Nov. 21 (Bloomberg) -- Tokyo Electric Power Co. wants to borrow 2 trillion yen ($20 billion) for new power plants and overseas operations as it maps a return to profitability after the Fukushima nuclear disaster, the Asahi newspaper reported.
The request to banks including Mitsubishi UFJ Financial Group Inc., Sumitomo Mitsui Financial Group Inc., Mizuho Financial Group Inc. and the government-owned Development Bank of Japan Inc. is in addition to 500 billion yen already being sought from the creditors, the Asahi reported, without saying where it got the information.
The loan is being sought as the nation’s biggest utility, known as Tepco, devises a business plan that will probably call for greater reliance on thermal fuels due to its dwindling nuclear fleet.
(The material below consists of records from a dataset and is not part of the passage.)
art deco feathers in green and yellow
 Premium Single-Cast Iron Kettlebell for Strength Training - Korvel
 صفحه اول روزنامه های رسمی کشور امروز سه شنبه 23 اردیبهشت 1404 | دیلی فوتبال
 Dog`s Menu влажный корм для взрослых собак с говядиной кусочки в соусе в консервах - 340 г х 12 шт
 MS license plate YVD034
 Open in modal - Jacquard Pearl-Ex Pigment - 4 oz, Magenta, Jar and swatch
A further 2 trillion yen in borrowing would be almost double the money the government injected into Tepco last year to cover costs from the March 2011 nuclear disaster.
Tepco and its majority owner, the publicly funded Nuclear Damage Liability Facilitation Fund, plan to use the additional credit to replace aging thermal plants and expand overseas electricity operations, the Asahi reported.
Two people at two banks involved in the discussions who asked not to be identified confirmed that their companies had been contacted about the additional loan. One of the people said his bank was told the total size of the loan being sought may be about 2 trillion yen.
Tepco spokeswoman Mayumi Yoshida declined to comment. Taishi Kono, a spokesman for the liability fund, didn’t immediately return a call.
The details shine some light on Tepco’s intentions as it revises the business plan under which it has operated since May 2012, when it received a government bailout after the temblor and tsunami 14 months earlier crippled reactors at the utility’s Fukushima Dai-Ichi plant northeast of Tokyo.
The request is separate from a 1.07 trillion yen finance plan agreed to during the bailout. Under that pact, the utility is also seeking to secure 300 billion yen in new loans and 200 billion yen to refinance existing debt by year-end.
New thermal plants will be needed as some of Tepco’s existing gas-, coal-, and oil-burning generators become too old to use, Hiroshi Takahashi, a research fellow at the Fujitsu Research Institute, said today by phone. The utility’s need for thermal capacity has also been intensified by the idling of its nuclear fleet, he said.
Tepco is considering a government request to decommission the two reactors at the Dai-Ichi plant yet to be written off, along with the four reactors at its Fukushima Dai-Ni plant. It has applied for safety checks for two reactors of the seven at its remaining Kashiwazaki-Kariwa plant in Niigata prefecture.
“It is highly unlikely that all of those seven reactors will be in operation in the near future,” Takahashi said. “They need a certain volume of capacity at thermal power stations.”
Tepco was seeking funds to invest in overseas electricity generation because it identified the sector as a growth area, the Asahi reported. Takahashi said he was skeptical the utility would be able to spend much money abroad, given domestic needs.
“That’s an important strategy so they include that strategy in their plan, but they won’t be able to spend so much money on foreign business development,” he said. “They have many problems in Japan.”
The utility has the equivalent of 4.2 trillion yen in bonds outstanding, including 659 billion yen in securities maturing next year, according to data compiled by Bloomberg.
Tepco last sold bonds publicly in September 2010 in a 30 billion yen offering paying an interest rate of 1.155 percent. The bonds, maturing in 2020, have lost 16 percent since issue and traded at 83.87 on Nov. 20. The yield premium investors demand to hold the notes has risen to 353 basis points over government debt from 7 at the time of sale.
The cost to insure Tokyo Electric’s debt has fallen 84 basis points this year to 363.4 basis points as of Nov. 20, and is down from a high of 1,762.2 in October 2011, according to CMA data. The latest price is signaling a 25 percent chance of default by December 2018, according to Bloomberg-compiled data.